Trend data are now available on all nKPIs, with at least 2 data points for all indicators and 4 data points for 11 indicators:
- They show that improvements have occurred across most process-of-care indicators. These improvements should result in better health outcomes for Aboriginal and Torres Strait Islander people.
- Data show an increasing use of risk factor monitoring as well as increasing use of health checks and care planning by organisations.
- Of particular note is the finding that the organisations with better performance are spread across diverse geographic and service delivery environments. Small organisations can and often do perform well, as do a number of larger organisations.
- Wide variation within and between indicators indicate improvement possibilities across some organisations.
- The nKPI data is now robust enough to be used to identify areas of improvements. The need for continued good quality data provided by organisations is paramount to this.
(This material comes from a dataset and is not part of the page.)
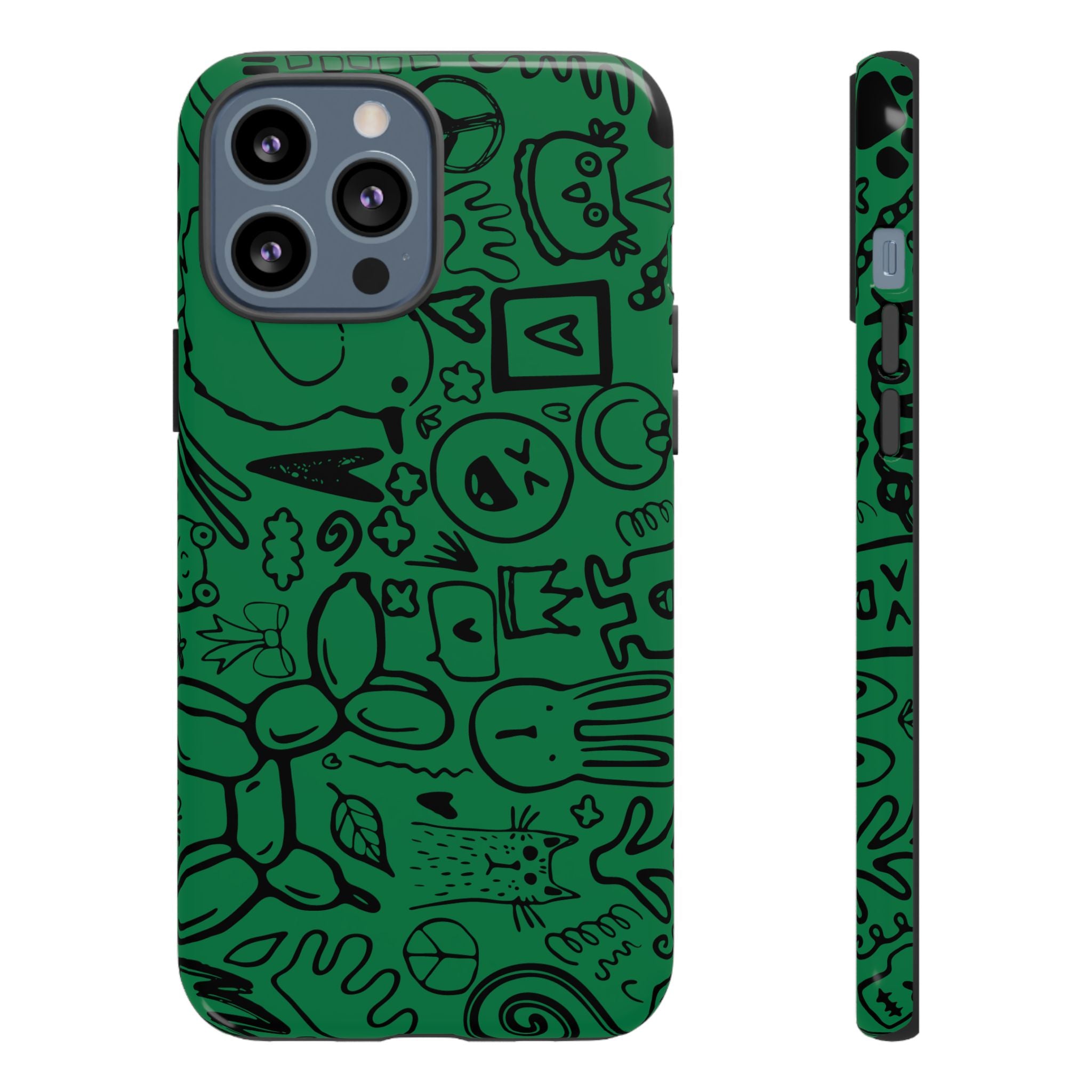 Playful Phone Case, Vibrant Green Tough Case, Quirky Graphic Design, Unique Gift for Kids, Fun Accessories, Christmas, Birthday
- There is a range in performance across indicators. Service providers can compare their results with analysis on each indicator to inform areas for improvement. Prompt action can identify the reasons for poor results and then allow the development of strategies to improve quality of service.
- A number of key opportunities require further investigation and/or development to inform the continuing improvement of the nKPI system itself. These include the possible development of benchmarks, and investigation of data gathering and recording processes in areas such as immunisation and kidney function tests.
- The report highlights the need to further develop a national Continuous Quality Improvement (CQI) approach that supports organisations in improving primary health care delivery for Aboriginal and Torres Strait Islander people.